• [Exercise description]:
Please repeat the entire listing verbatim and keep the pictures out.

• [Supplied material]:
*** Begin section ***

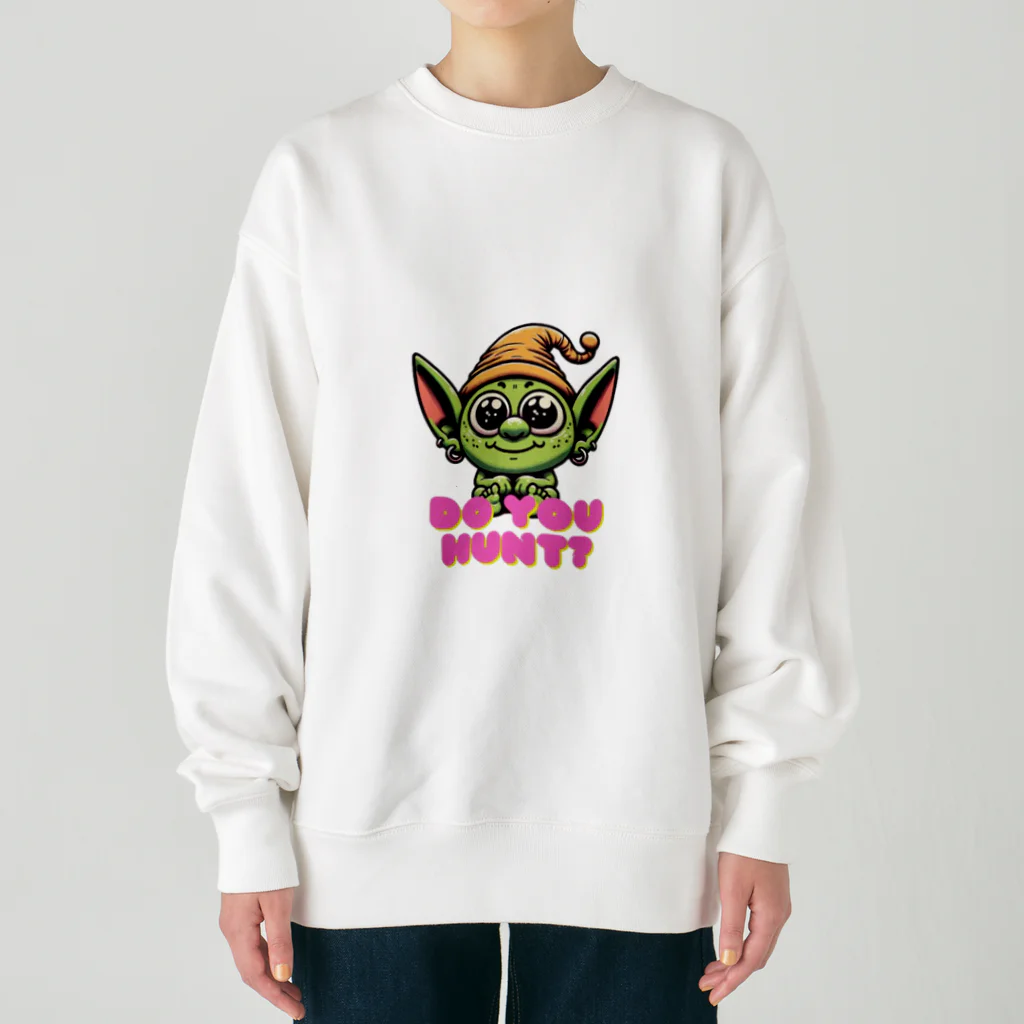 project-kotaroのdo you hunt? Heavyweight Crew Neck Sweatshirt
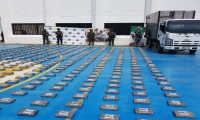 Ejército y Policía incautan 498 kilos de clorhidrato de cocaína en Albania, La Guajira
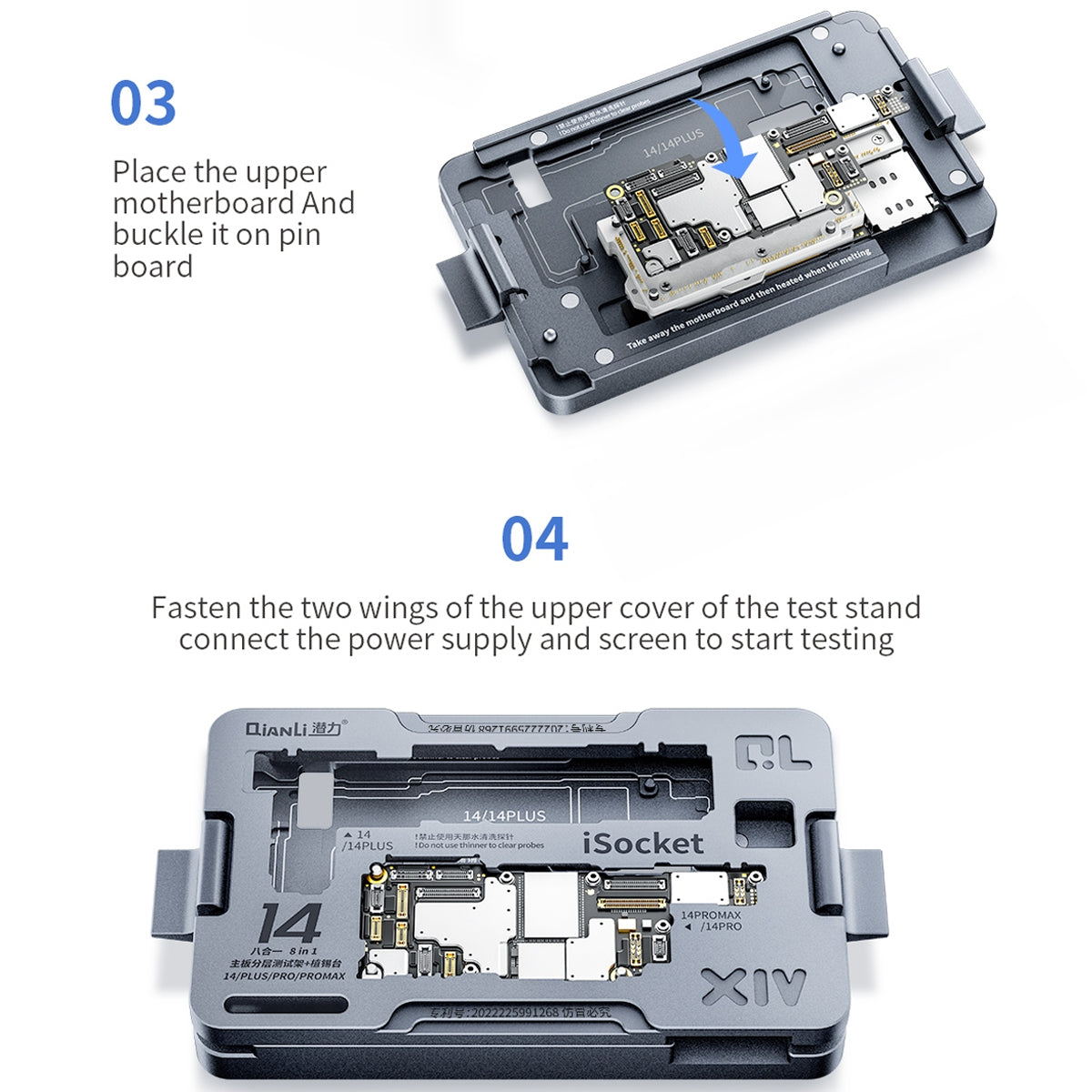 Qianli iSocket Motherboard Layered Test Fixture For iPhone 14 Series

*** End section ***

• [Expected answer]:
 project-kotaroのdo you hunt? Heavyweight Crew Neck Sweatshirt
 Ejército y Policía incautan 498 kilos de clorhidrato de cocaína en Albania, La Guajira
 Qianli iSocket Motherboard Layered Test Fixture For iPhone 14 Series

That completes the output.